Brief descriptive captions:
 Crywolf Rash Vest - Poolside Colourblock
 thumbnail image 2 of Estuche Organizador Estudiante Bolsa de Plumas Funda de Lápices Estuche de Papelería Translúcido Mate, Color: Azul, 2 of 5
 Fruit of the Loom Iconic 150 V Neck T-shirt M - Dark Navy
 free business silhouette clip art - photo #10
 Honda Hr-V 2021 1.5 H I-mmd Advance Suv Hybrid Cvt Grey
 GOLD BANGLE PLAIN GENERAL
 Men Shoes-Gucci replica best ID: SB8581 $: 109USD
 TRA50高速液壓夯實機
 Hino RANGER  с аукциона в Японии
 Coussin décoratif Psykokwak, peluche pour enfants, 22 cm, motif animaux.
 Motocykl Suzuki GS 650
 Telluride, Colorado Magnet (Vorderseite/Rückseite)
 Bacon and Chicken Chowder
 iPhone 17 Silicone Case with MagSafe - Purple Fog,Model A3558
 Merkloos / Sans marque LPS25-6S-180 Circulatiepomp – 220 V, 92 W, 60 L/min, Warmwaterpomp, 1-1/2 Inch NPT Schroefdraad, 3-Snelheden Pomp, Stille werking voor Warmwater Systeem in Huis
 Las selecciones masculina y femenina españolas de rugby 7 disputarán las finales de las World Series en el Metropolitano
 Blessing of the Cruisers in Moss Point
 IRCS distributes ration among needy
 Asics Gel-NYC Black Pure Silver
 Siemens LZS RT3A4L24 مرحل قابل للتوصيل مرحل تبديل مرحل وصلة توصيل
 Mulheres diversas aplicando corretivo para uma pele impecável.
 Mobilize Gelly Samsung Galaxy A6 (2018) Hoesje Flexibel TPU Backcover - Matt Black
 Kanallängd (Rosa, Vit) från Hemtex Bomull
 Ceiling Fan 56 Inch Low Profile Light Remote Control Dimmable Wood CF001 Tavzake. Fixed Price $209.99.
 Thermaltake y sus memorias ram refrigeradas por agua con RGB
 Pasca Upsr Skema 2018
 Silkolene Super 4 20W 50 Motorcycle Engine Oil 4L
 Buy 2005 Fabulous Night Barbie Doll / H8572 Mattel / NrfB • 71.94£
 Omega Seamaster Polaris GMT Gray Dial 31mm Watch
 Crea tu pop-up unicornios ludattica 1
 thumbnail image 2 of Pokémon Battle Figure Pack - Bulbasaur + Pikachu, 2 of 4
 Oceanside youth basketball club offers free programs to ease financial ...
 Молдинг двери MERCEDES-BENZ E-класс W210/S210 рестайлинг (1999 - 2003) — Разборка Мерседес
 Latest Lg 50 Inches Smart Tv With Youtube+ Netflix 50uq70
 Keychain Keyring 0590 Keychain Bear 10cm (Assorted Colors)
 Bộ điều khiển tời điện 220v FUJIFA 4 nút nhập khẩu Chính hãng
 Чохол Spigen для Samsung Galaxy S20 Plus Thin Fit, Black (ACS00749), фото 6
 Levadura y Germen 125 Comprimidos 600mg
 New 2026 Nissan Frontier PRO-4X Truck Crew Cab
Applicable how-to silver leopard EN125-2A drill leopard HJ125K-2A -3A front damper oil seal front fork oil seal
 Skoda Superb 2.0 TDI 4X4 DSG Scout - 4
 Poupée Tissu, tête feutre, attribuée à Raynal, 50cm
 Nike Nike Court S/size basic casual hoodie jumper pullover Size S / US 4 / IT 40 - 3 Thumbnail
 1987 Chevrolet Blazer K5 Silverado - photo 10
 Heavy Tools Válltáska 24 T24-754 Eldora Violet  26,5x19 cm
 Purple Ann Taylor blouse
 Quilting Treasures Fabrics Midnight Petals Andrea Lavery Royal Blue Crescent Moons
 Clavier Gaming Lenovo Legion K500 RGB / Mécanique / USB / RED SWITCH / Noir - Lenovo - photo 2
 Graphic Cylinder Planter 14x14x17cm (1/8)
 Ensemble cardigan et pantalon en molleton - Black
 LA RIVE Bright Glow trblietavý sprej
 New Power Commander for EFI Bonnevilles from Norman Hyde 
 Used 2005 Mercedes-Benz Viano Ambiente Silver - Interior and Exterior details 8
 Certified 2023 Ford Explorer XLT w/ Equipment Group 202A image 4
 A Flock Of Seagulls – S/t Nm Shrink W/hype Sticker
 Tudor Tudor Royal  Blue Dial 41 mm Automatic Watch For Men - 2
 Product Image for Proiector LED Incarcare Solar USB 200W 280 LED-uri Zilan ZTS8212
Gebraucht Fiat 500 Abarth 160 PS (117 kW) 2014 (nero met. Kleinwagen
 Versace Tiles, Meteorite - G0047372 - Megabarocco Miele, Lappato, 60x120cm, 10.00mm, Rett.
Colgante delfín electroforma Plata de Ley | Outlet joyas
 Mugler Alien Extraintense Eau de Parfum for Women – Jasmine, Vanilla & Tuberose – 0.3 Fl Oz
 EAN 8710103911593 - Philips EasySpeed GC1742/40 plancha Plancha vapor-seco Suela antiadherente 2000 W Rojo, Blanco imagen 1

• WHAT THE TASK ASKS:
Look through the entries above, and wherever a line holds the string "Galaxy", copy it.

• RESULT OF THIS TASK:
 Mobilize Gelly Samsung Galaxy A6 (2018) Hoesje Flexibel TPU Backcover - Matt Black
 Чохол Spigen для Samsung Galaxy S20 Plus Thin Fit, Black (ACS00749), фото 6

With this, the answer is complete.